Article IV — Board of Directors
4.1. Power and Authority
4.1.1. The Association shall be governed by the Board of Directors.

4.1.2. The Board of Directors is the single governing body of the Association and shall actively promote the objectives of the Association, operating in accordance with and administering and implementing the programs and policies established by these Bylaws and by the Board of Directors.

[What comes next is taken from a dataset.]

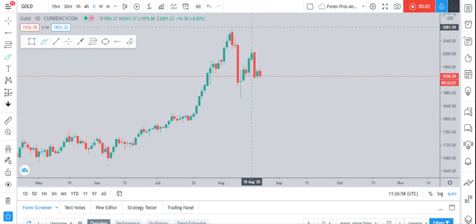Welcome back to Forex Pros. We are again on gold today. Yesterday I made a video about the complete multi-timeframe analysis, so if I'm missing something in this video, you can check out that video in the description, where I will put it so that you have all the technical aspects and proper knowledge about gold.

Members of the Board of Directors are elected to serve by and are accountable to the members of the Association.

 We need to know  more  about meetings, budgets and policies, and less about the expansion of Association into peripheral activities.

Detailed budget information needs to be published openly so that school SLPs see how much money is invested in the area of practice which includes half the membership.  The Board needs to spell out this 2012 resolution:

“BOD 20-2012, Resolved,  That the long-term investment policy of the American Speech-Language-Hearing Association, dated May 2012, be approved.”

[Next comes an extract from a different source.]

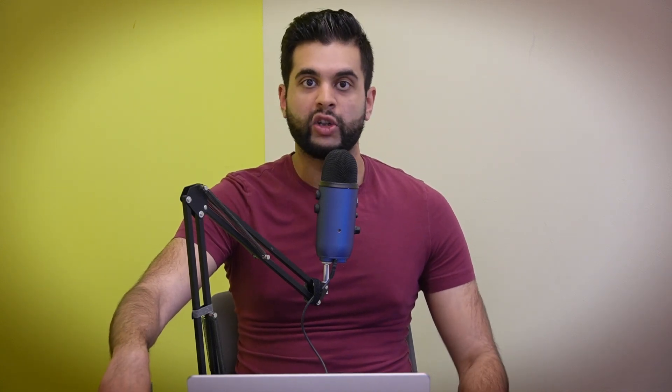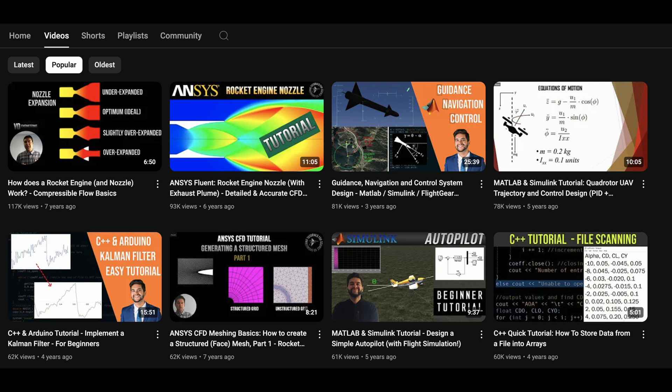Since I started my channel, I've had a few videos which I've taken off. The first one is my rocket propulsion video, which has over a hundred thousand views — thank you all for that. Another is a full guidance, navigation, and control system design video using MATLAB Simulink and FlightGear, which has over 80,000 views.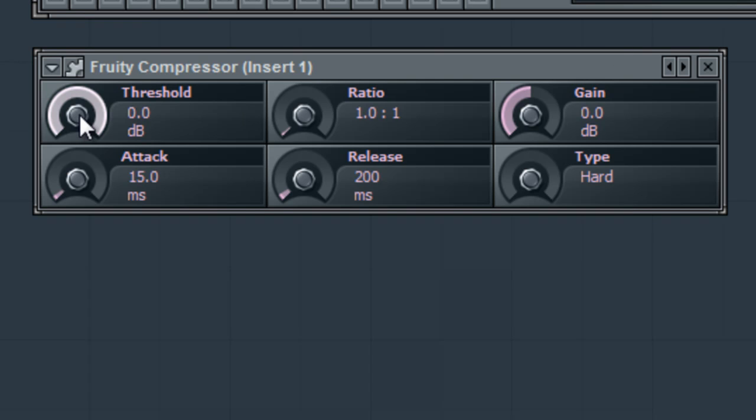In our compressor, we have 6 different properties. Threshold, the level at which we wish to compress to. Ratio, the amount of compression we wish to apply. Gain, the volume level after compression.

Transparency includes public forums for true debate of BOD actions.  The Association is closed-off, having a black  hole for “INPUT”  to decision-makers.  Proposals should be public with open discussion give and take.  Directors need to respond in kind.  This has become a standard practice on the internet.  One should not have to sign up to make comments.  Detailed minutes should be published across platforms of communication. The budget needs to be debated to make sure allocations to school programs are wise and fairly made.

http://www.asha.org/About/governance/BOD/Board-of-Directors-2012-Resolutions-and-Motions/

Directors in Washington, D.C., representing a non-profit organization, can seek assistance on transparency from the Sunlight Foundation:

“The Sunlight Foundation is a nonprofit, nonpartisan organization that uses the power of the Internet to catalyze greater government openness and transparency, and provides new tools and resources for media and citizens, alike. We are committed to improving access to government information by making it available online, indeed redefining “public” information as meaning “online,” and by creating new tools and websites to enable individuals and communities to better access that information and put it to use.”